All of the Hawaiian songs sounded much the same to a mainlander's ear, except for one. The Dawning—Ke Alaula—was a pop hit eight or nine years ago and created a swell of pride in being Hawaiian. Chang said it wasn't unusual for people to cry when they heard it. I didn't understand a word, but I did notice that the local audience sat up considerably straighter. It was like being in Rick's Café listening to La Marseillaise.
Hana town is quieter than most people expect. The tour is a quick one. You can spend thousands at the superb Hana Coast Gallery, or a few dollars at Hasegawa's General Store, a local landmark stocked with Spam sushi and vacuum-packed bags of poi. After that, there's the post office.
You can drive another scenic hour to the natural pools at Oheo Gulch, but I don't recommend getting out.
Drive one more mile, until you feel you've fallen off the edge of the earth, to the grave of Charles Lindbergh, who chose the humblest end imaginable. On the way back, pull over at Seven Pools Smoothies, a wooden fruit stand with a devastating view of the Pacific, where the Last Hippie will crack a coconut for you while you wonder how you both got to this particular spot.

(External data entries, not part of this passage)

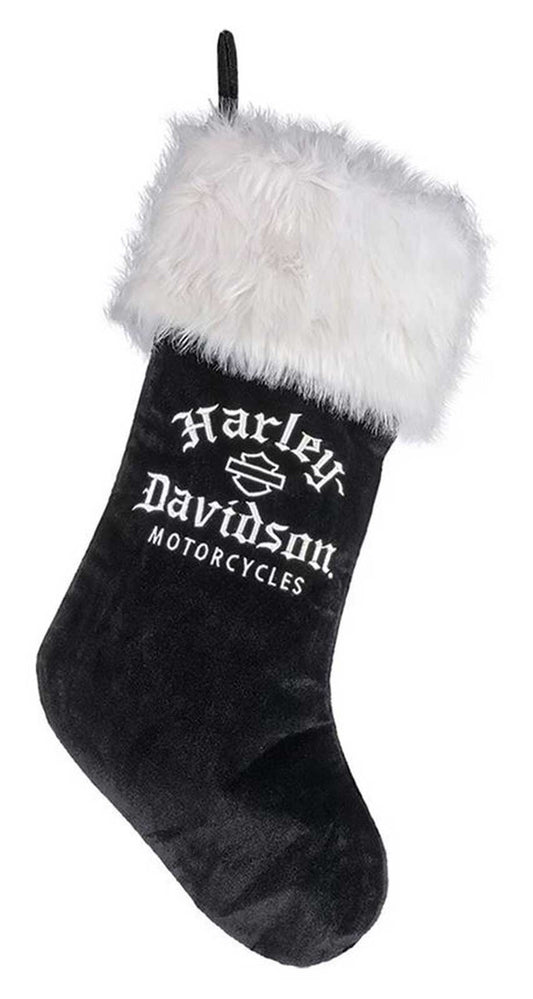 Harley-Davidson® Winter Holiday Stocking Old English Bar & Shield Logo, Black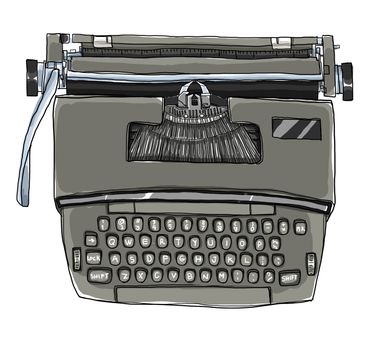Typewriter Vintage Electric cute art illustration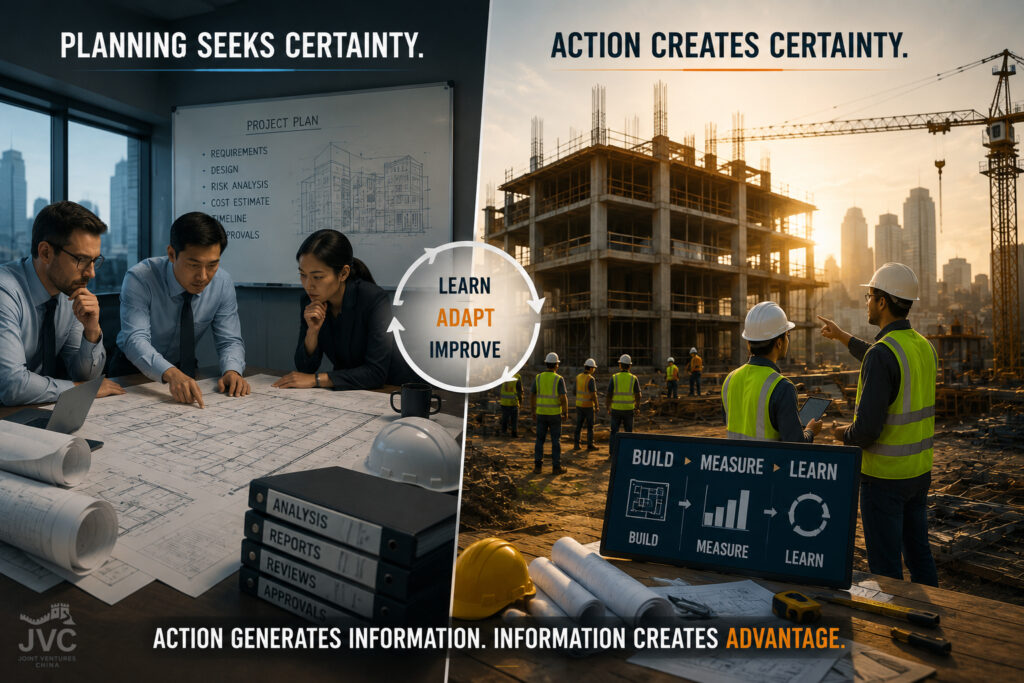 Construction project team reviewing plans contrasted with active building site illustrating how action creates certainty through testing, learning, and continuous improvement.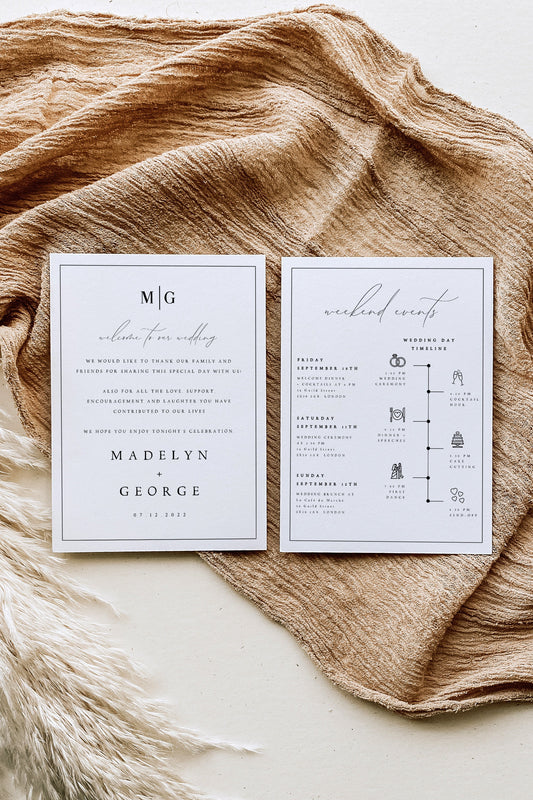 Madelyn Wedding Itinerary Timeline Card Template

You can add to your to-do list a horseback ride, a visit to Blue Pool, and an outdoor massage. Peter Heinemann says if you haven't done these three things, you haven't been to Hana.

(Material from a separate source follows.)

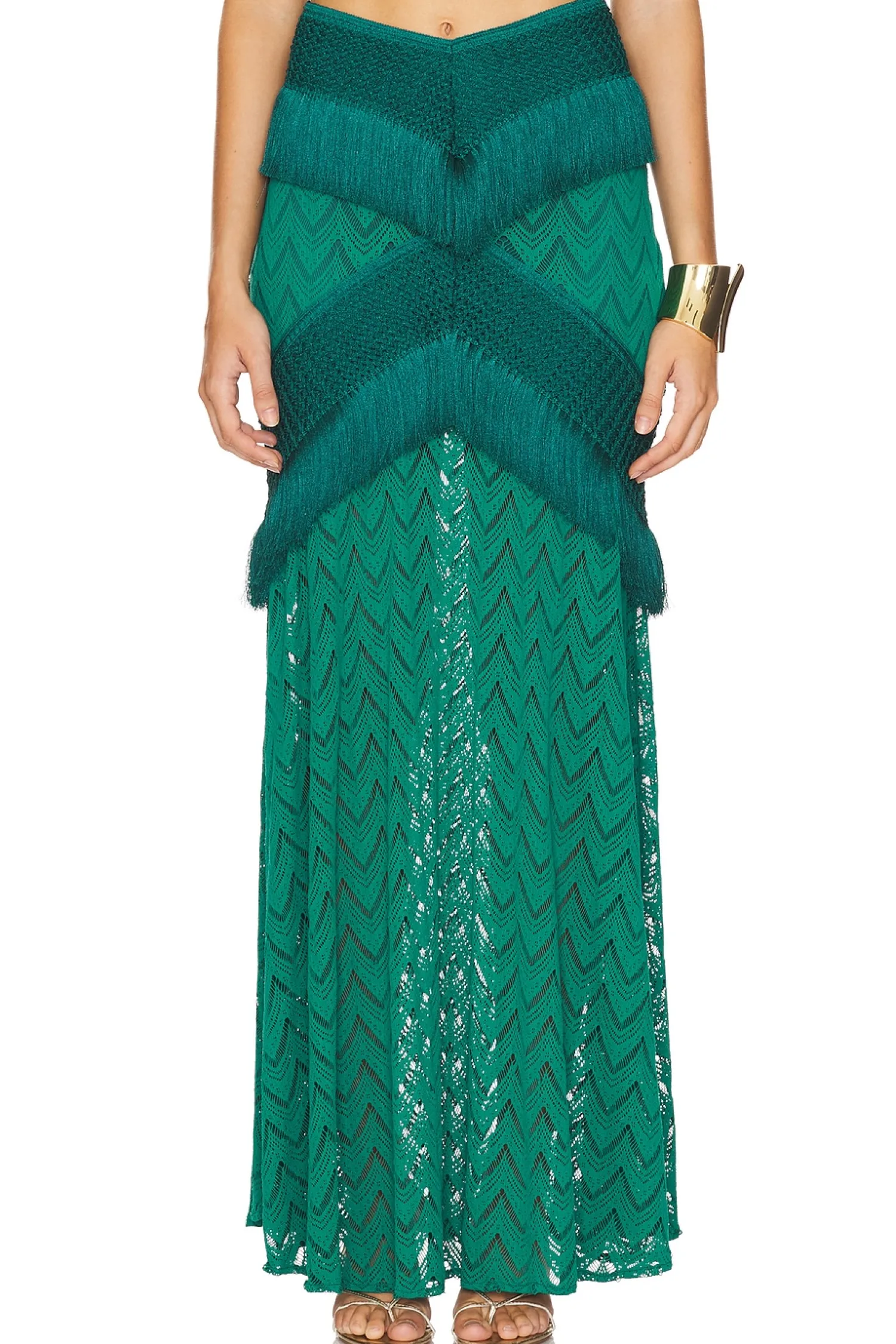 Women PatBO Matching Sets>Fringe Trim Maxi Skirt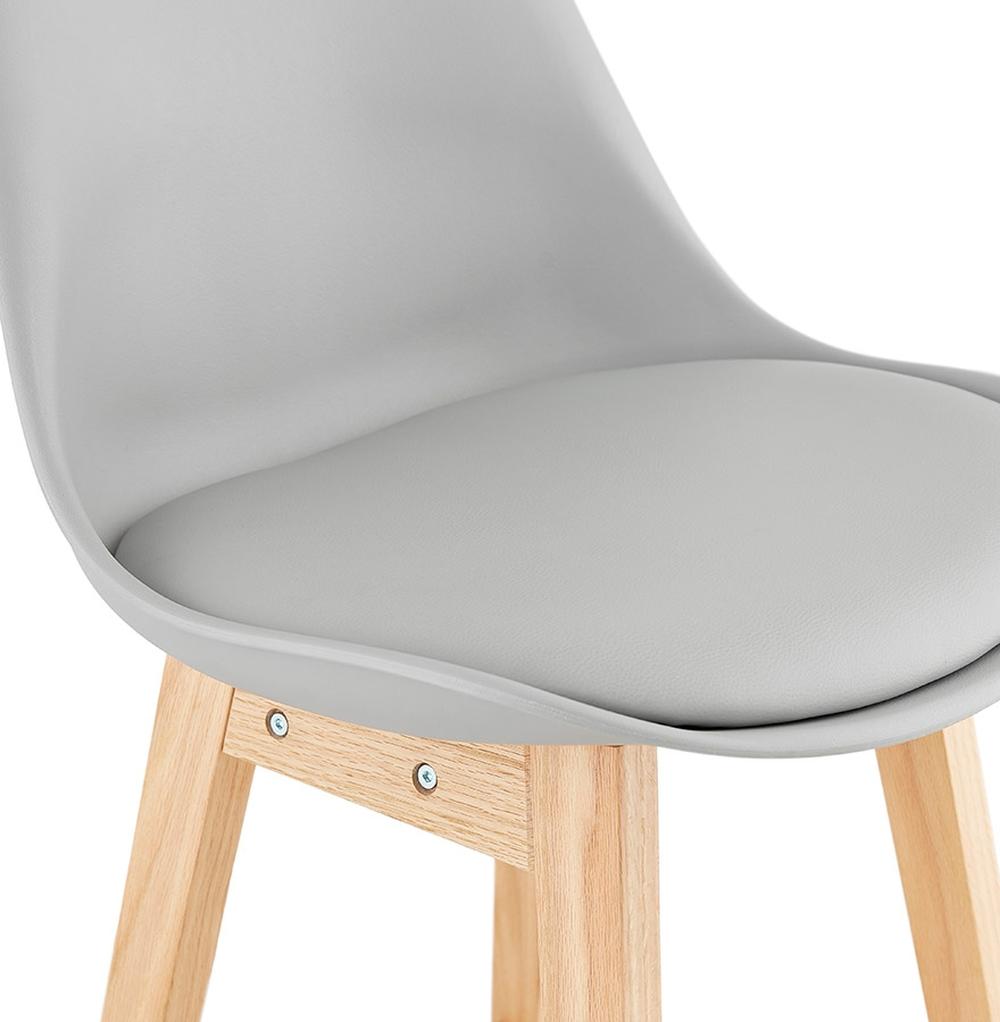 Grauer Tresenstuhl - 65 cm Sitzhöhe - Polypropylene-Bezug - neutrales Design für vielseitige Einrichtungen - MIRANOX MINI Serie_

A novice rider, I was placed at the mercy of Blackie. There's a Blackie in every corral, the horse that has seen it all and knows what's expected of him. Our hour-long ride took us across Hana Ranch—4,000 acres that envelop the hotel with rolling pastures, bucolic views, and excellent trails for walking and jogging. We toured the grasslands, discovered a black volcanic beach or two, and ventured out on a lava outcropping with the vicious surf below. Heinemann was right: there's nothing quite like seeing Hawaii with a six-foot boost into the air and the swagger of a Blackie.
I'm much better in a Jeep. For the trip to Blue Pool, Suzanne, a sunshiny woman born to swim with the dolphins, took the wheel, and I rode it like a pro.
There are waterfalls everywhere along the Hana Highway, but Blue Pool is the only one you really need to see. Several miles down a dirt road from the highway, you park, then scramble across a few hundred yards of boulders. You round a bend, and there, with the surf at your back, is the waterfall of your dreams, 10 stories high. I sat with my feet in its pool andtalked extensively to myself about why waterfalls are so likable, until even I couldn't stand my own inner dialogue. At which point I jumped in the water.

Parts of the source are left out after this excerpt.